You are asked to filter the data below and copy every line holding "Basket".

•••

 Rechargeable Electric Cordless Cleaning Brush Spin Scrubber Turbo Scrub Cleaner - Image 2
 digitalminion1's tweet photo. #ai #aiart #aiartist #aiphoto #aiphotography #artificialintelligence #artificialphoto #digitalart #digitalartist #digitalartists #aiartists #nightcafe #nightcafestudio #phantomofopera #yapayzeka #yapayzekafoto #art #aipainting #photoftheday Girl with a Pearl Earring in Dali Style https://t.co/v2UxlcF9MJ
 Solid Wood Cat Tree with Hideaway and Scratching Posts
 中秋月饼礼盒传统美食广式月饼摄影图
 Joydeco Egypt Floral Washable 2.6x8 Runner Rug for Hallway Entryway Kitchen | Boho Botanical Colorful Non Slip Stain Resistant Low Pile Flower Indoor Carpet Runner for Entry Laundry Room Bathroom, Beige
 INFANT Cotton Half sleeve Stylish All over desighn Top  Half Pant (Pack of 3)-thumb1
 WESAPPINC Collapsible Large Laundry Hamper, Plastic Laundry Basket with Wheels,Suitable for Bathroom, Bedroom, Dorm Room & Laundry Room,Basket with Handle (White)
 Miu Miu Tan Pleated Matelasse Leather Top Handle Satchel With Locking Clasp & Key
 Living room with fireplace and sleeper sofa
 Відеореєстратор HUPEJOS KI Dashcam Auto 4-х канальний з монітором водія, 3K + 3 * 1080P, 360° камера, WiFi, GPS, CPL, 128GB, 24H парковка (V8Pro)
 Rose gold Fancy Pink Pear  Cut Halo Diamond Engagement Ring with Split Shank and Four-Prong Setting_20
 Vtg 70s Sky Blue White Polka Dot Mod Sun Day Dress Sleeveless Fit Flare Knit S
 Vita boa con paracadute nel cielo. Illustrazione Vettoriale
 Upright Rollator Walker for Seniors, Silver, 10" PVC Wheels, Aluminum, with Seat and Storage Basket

•••

# Task output
 WESAPPINC Collapsible Large Laundry Hamper, Plastic Laundry Basket with Wheels,Suitable for Bathroom, Bedroom, Dorm Room & Laundry Room,Basket with Handle (White)
 Upright Rollator Walker for Seniors, Silver, 10" PVC Wheels, Aluminum, with Seat and Storage Basket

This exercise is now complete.